A second extension includes the effect that the storage system itself can also be faulty, where upon failure all stored files are lost. We let these failure occur according to a Poisson process with intensity \(\bar{\gamma }\). Let \(M_3(t)\) denote the number of lost files. While the differential equations for \(m_{1\textrm{U}}(t)\) and \(m_{1\textrm{D}}(t)\) remain unchanged, the other ones become

$$\begin{aligned} \begin{aligned} m_{2\textrm{U}}'(t)&= -q_\textrm{U}m_{2\textrm{U}}(t) + q_\textrm{D}m_{2\textrm{D}}(t) + \gamma m_{1\textrm{U}}(t) -\bar{\gamma }m_{2\textrm{U}}(t) ,\\ m_{2\textrm{D}}'(t)&= q_\textrm{U}m_{2\textrm{U}}(t) - q_\textrm{D}m_{2\textrm{D}}(t)-\bar{\gamma }m_{2\textrm{D}}(t);\\ m_{3\textrm{U}}'(t)&= -q_\textrm{U}m_{3\textrm{U}}(t) + q_\textrm{D}m_{3\textrm{D}}(t)+\bar{\gamma }m_{2\textrm{U}}(t), \\ m_{3\textrm{D}}'(t)&= q_\textrm{U}m_{3\textrm{U}}(t) - q_\textrm{D}m_{3\textrm{D}}(t)+\bar{\gamma }m_{2\textrm{D}}(t). \end{aligned} \end{aligned}$$

For a company offering this service, a typical design goal would be: how small should \(q_\textrm{U}\), respectively \(\bar{\gamma }\), be to make sure that the mean number of lost files at time t, i.e., \(m_{3\textrm{U}}(t) + m_{3\textrm{D}}(t)\), is below a given threshold? More advanced criteria could also involve the corresponding variance.

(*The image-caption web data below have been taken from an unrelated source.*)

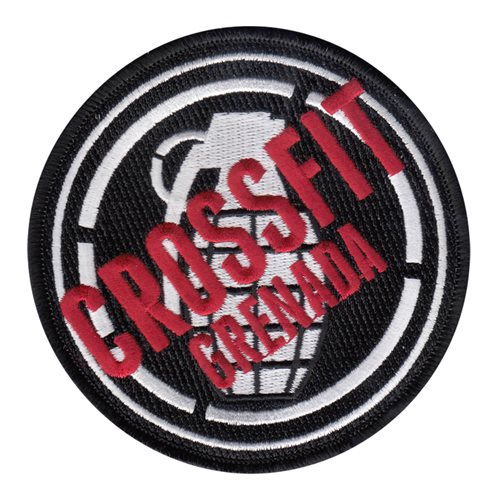 CrossFit Grenada Patch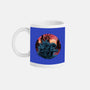 Rise Of The Radioactive Beast-None-Mug-Drinkware-glitchygorilla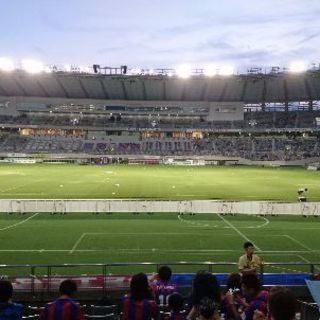 サッカー観戦一緒に行ける方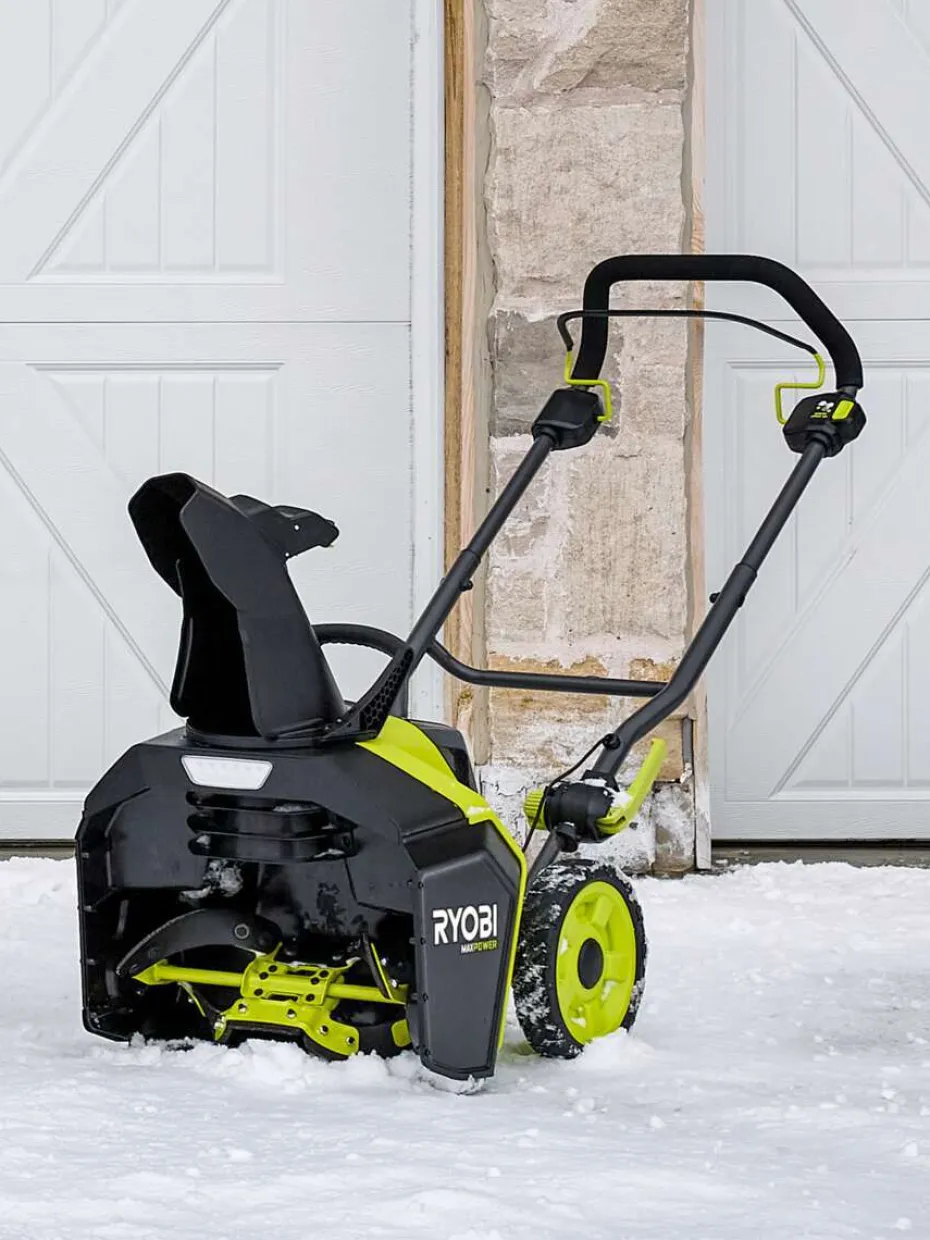 Ryobi Max Power RY36STX45A-140 snøfreser m/batteri
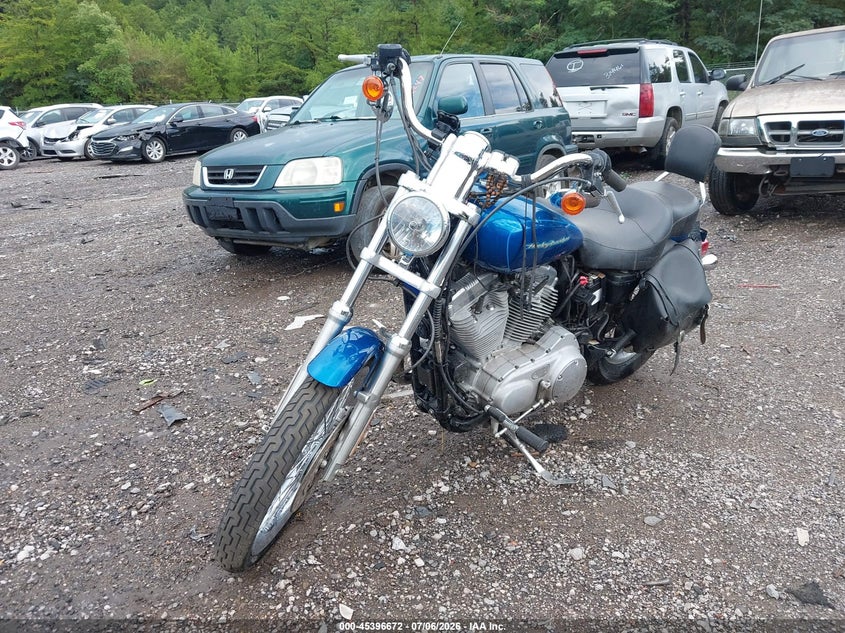 1HD4CJM126K456966 2006 Harley-Davidson Xl883 C photo 1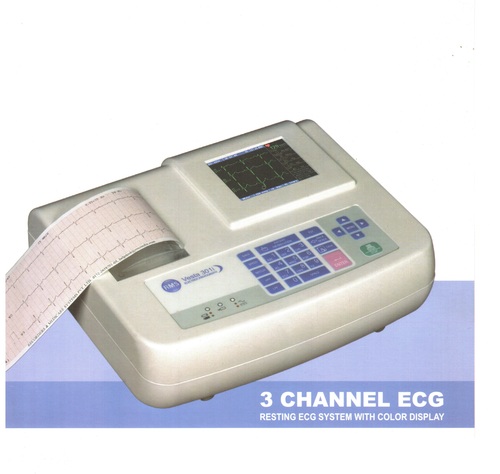 3 Channel ECG Machine 3 Channel ECG Machine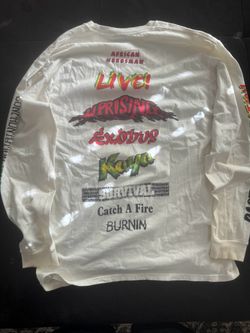 Stussy x 2018 Bob Marley Collaboration L/S men’s large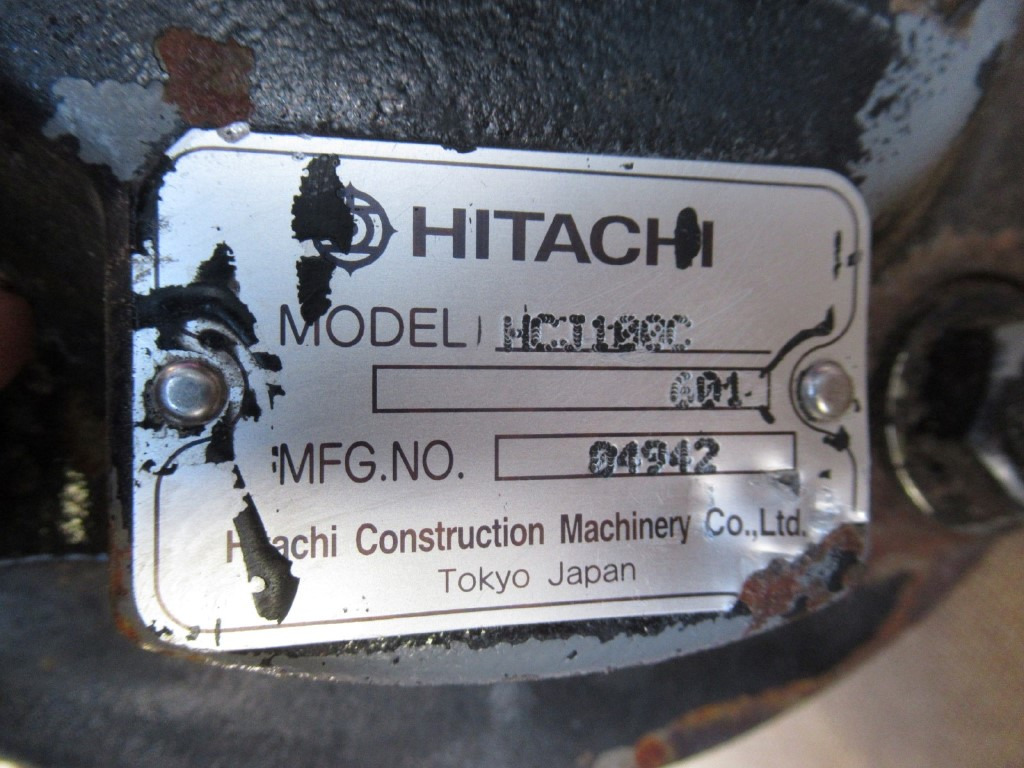 Hydraulics for Construction machinery Hitachi HCJ100C 601 -: picture 4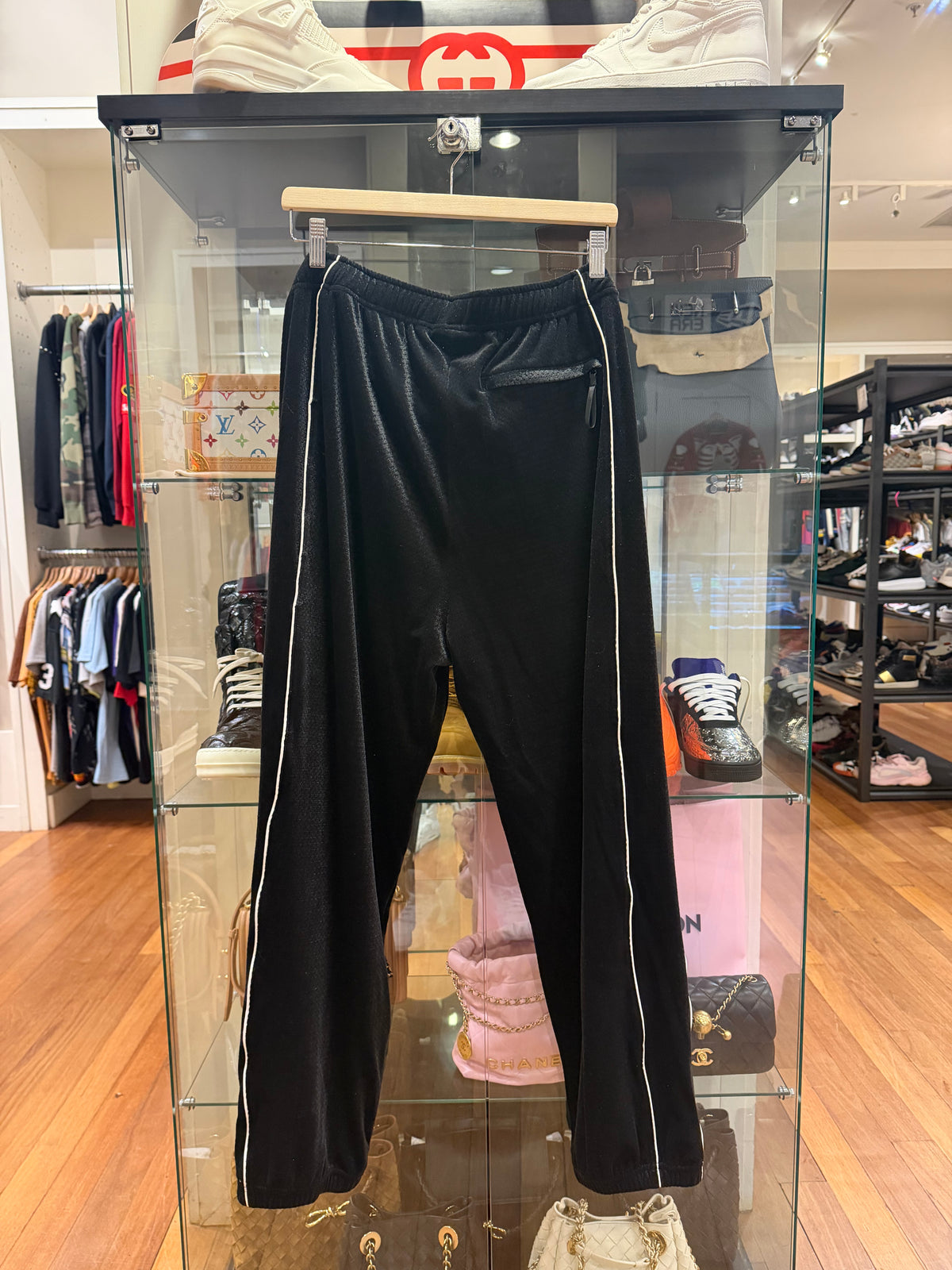 Supreme Velour Mesh Track
Pants- Black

To mitigate the effect of file loss due to failures of the storage unit, an evident policy is to copy all files to multiple storage units. For instance, one could consider the mechanism in which every file is simultaneously copied to two storage units at Poisson instants (again with rate \(\gamma \)), and that each of the storage units fails at Poisson instants (again with rate \(\bar{\gamma }\)). This means that a file is lost only if both storage units have failed. The above analysis (for the case of a single storage unit, that is) can be extended in an evident manner to this situation, thus facilitating the quantification of the performance gain due to making multiple backups. In order to decide whether such a policy should be implemented, this gain should be compared to the cost of the additional storage unit.

9 Concluding Remarks

This paper developed a versatile Markovian model that describes the dissemination of wealth over a population, but with the potential to be broadly applied across a wide range of disciplines. It is demonstrated that the evaluation of transient moments reduces to solving a system of coupled linear differential equations, while their stationary counterparts require solving (ordinary) linear systems of equations. Also a stability condition has been developed. Three examples evidence the model’s wide application potential.

In various directions there is scope for generalizations. It is in particular noted that, conditional on the state of the background process, the wealth units evolve independently, which is not in all application areas a realistic mechanism. In addition, one may try to relax the various exponentiality assumptions.